For this task, output exactly the lines of the material below starting at the line with "881 Sanders Drive, Hamilton, OH" and ending at the line with "Canyon Lake Cabaña"; pictures are to be excluded.

[SUPPLIED MATERIAL — start]

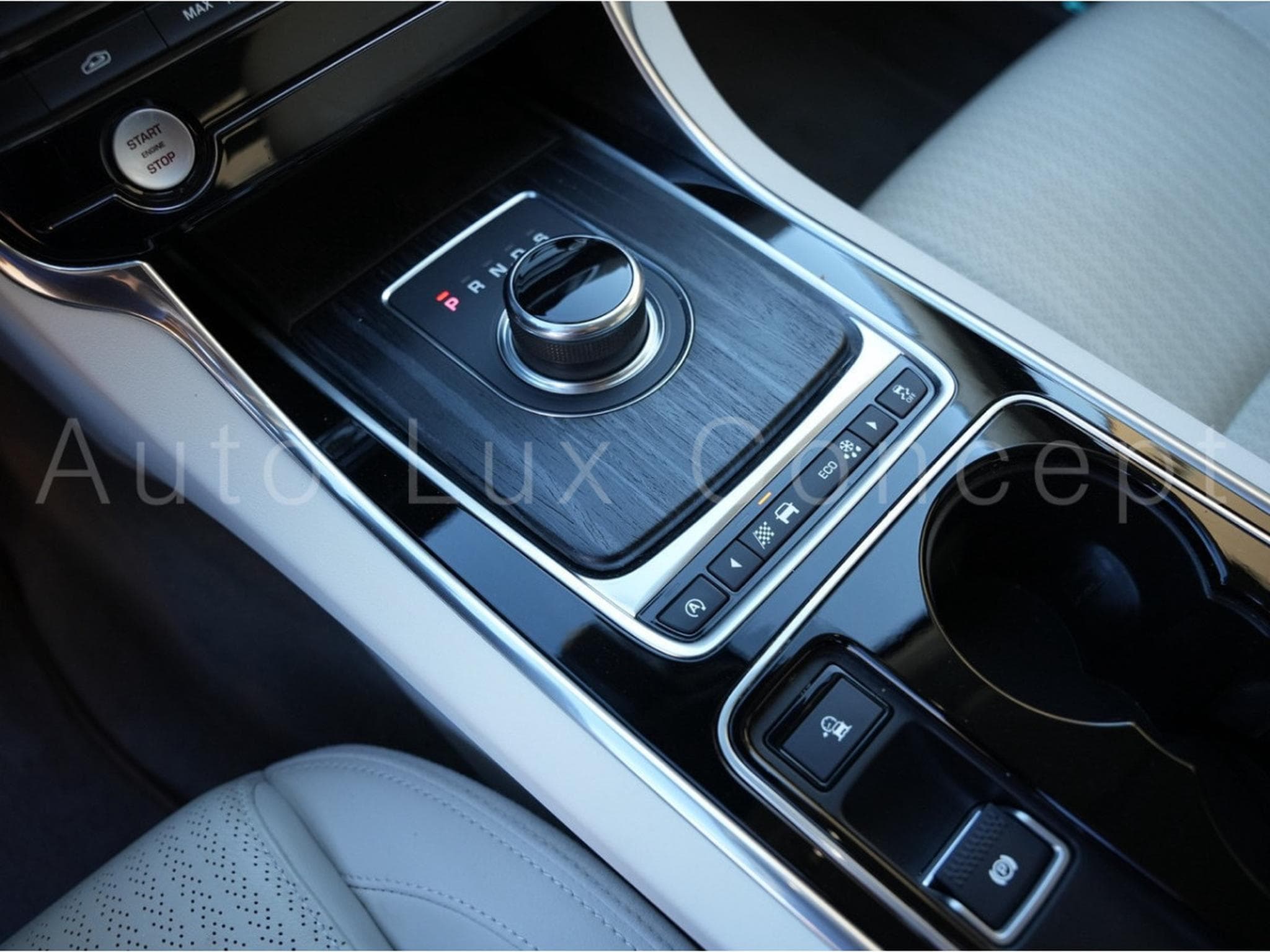 Jaguar XE Portfolio 20t (2016) - Photo 21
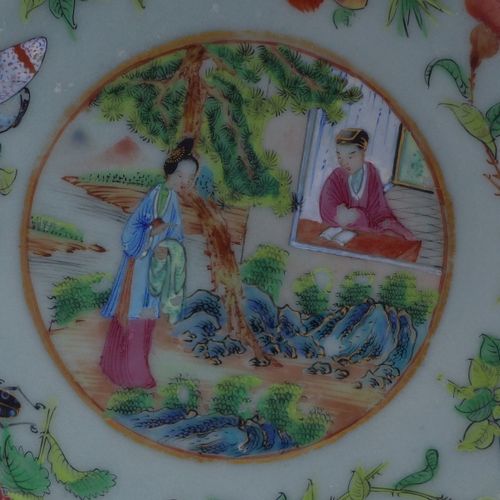 Kleiner Seladonteller mit Gartenszene, China, Qing-Dynastie, 19. Jh. Kleiner Sel&hellip;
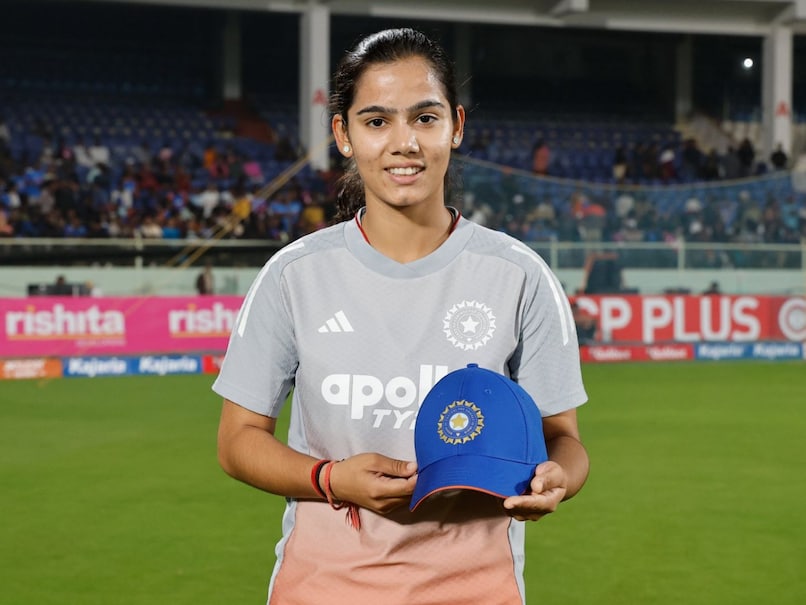 India Hand To Debut To 20-Year-Old Spinner Vaishnavi Sharma In 2nd Women's ODI vs Australia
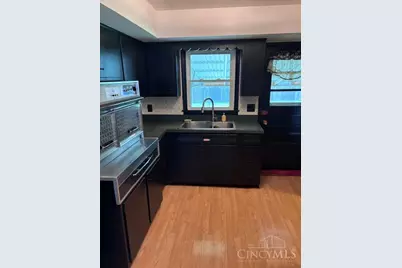 881 Sanders Drive, Hamilton, OH 45013 - Photo 5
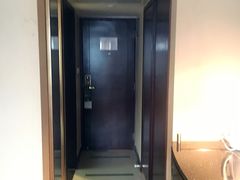 -广东大厦酒店(广州北京路步行街纪念堂地铁站店)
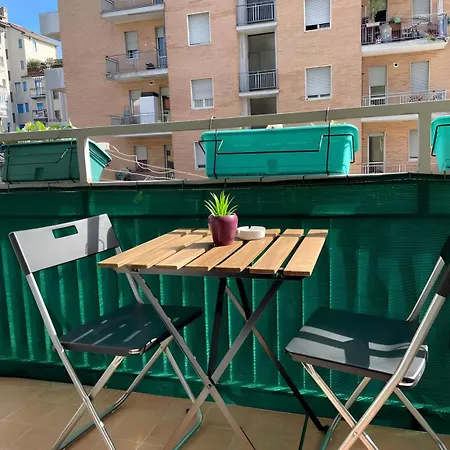 Gardone - Ampio Con 2 Da Letto - Comodo Per Duomo! Apartamento *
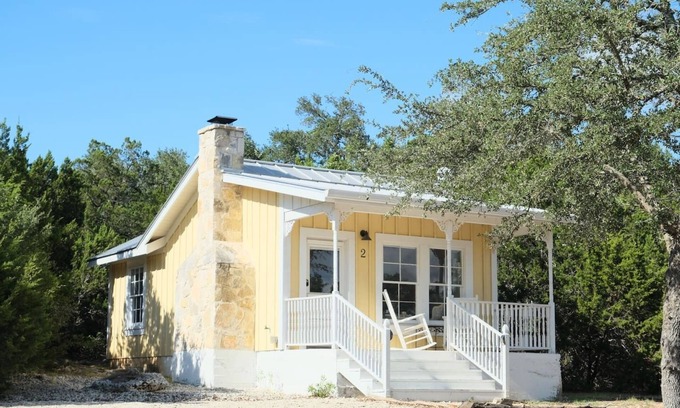 Canyon Lake Cabaña | "Yellow Rose" Charming Shabby Chic 1 Dormitorio Cottage W / Cocina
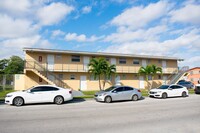 Airport Sqaure in Hialeah, FL - Foto de edificio - Interior Photo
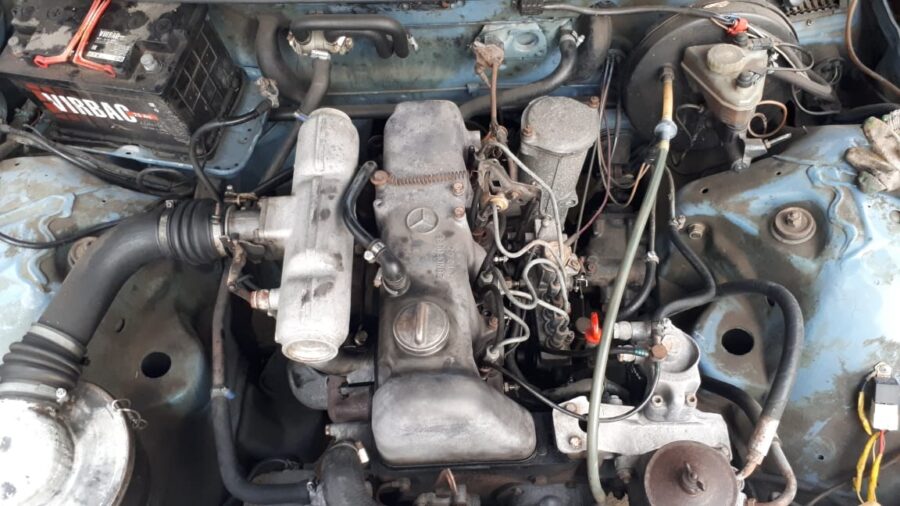 Mercedes OM615 D 20 2.0 -dieselmoottori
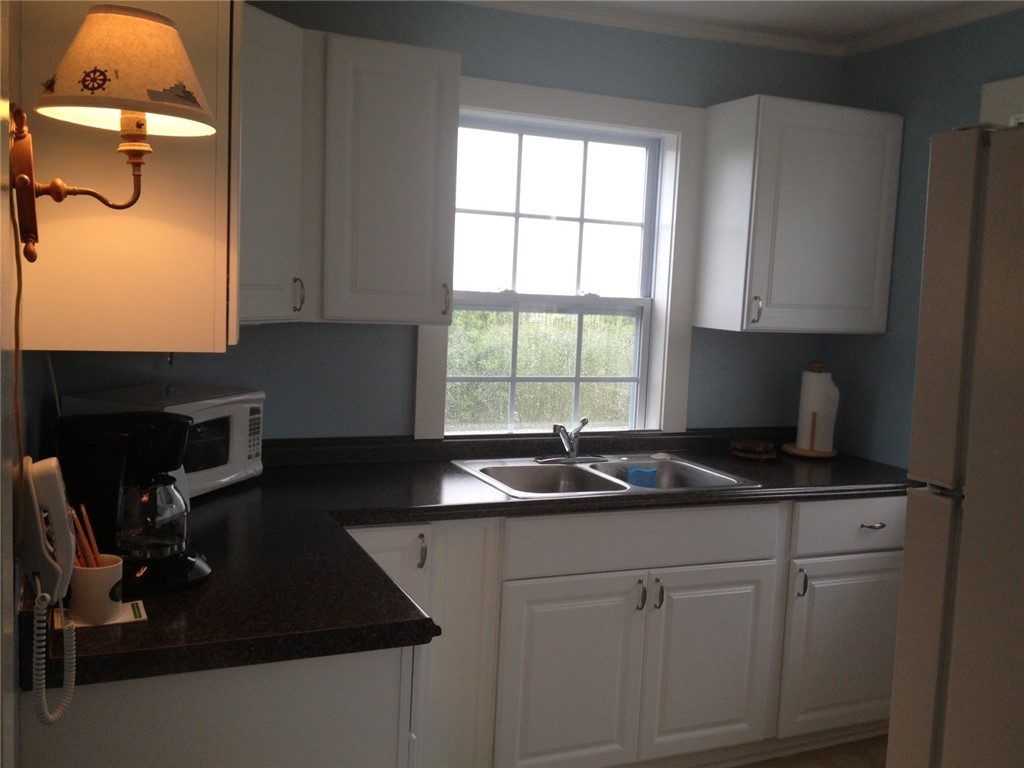 951 Dunn Town Road Block Island, RI 02807 - Photo 7 of 11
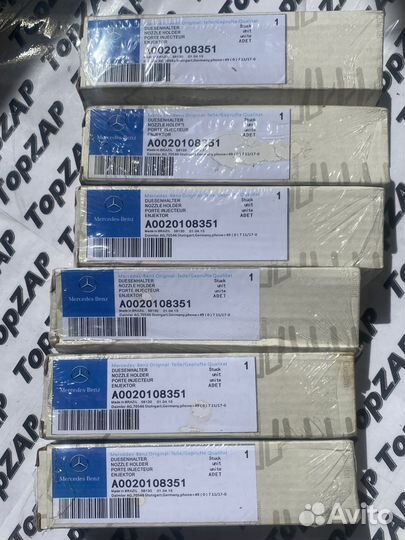 A0020108351 Mercedes-Benz /форсунка топливн.Новое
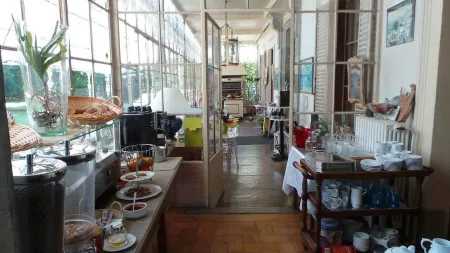 Hotel du Parc - Manoir du Baron Blanc Отели в г. Монмен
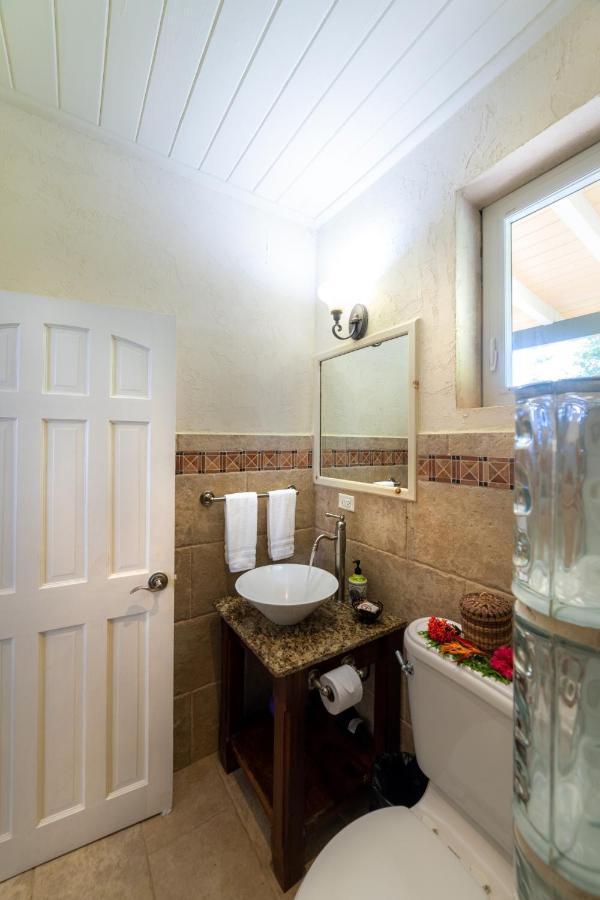 Rosalie Bay Eco Resort & Spa Екстериор снимка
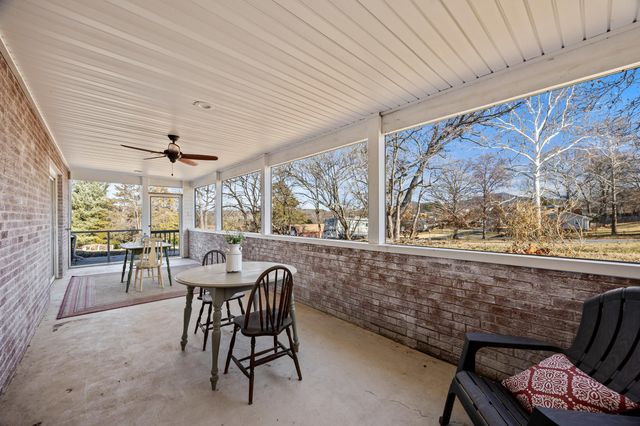 15 PAINTER ST, Luray, VA 22835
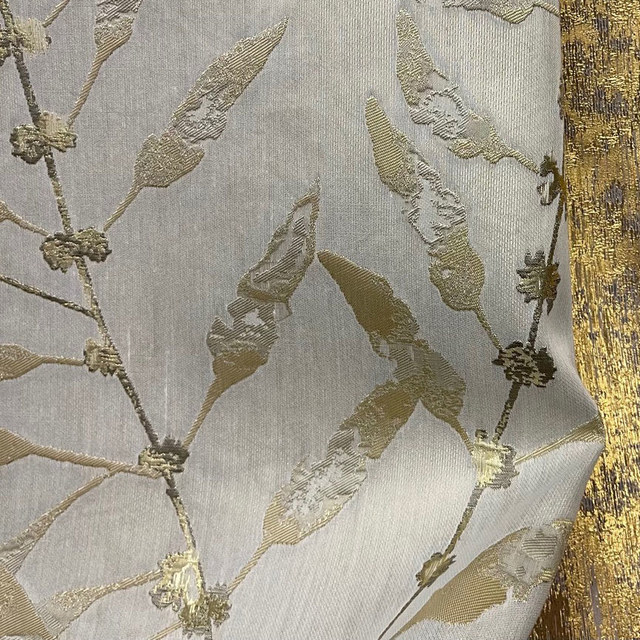 Dans les bois luxe Jacquard Shimmery Beige feuilles rideau avec des détails en or 1
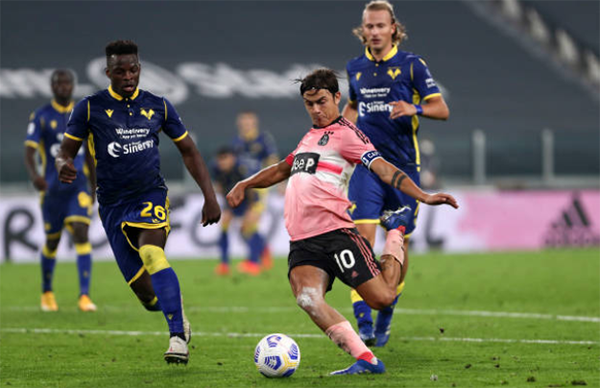 Sang hiệp 2, Juventus dâng cao đội hình và gia tăng sức ép về phía khung thành Verona.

[SUPPLIED MATERIAL — finish]

▸ RESULT FOR THIS TASK
 881 Sanders Drive, Hamilton, OH 45013 - Photo 5
 -广东大厦酒店(广州北京路步行街纪念堂地铁站店)
 Gardone - Ampio Con 2 Da Letto - Comodo Per Duomo! Apartamento *
 Canyon Lake Cabaña | "Yellow Rose" Charming Shabby Chic 1 Dormitorio Cottage W / Cocina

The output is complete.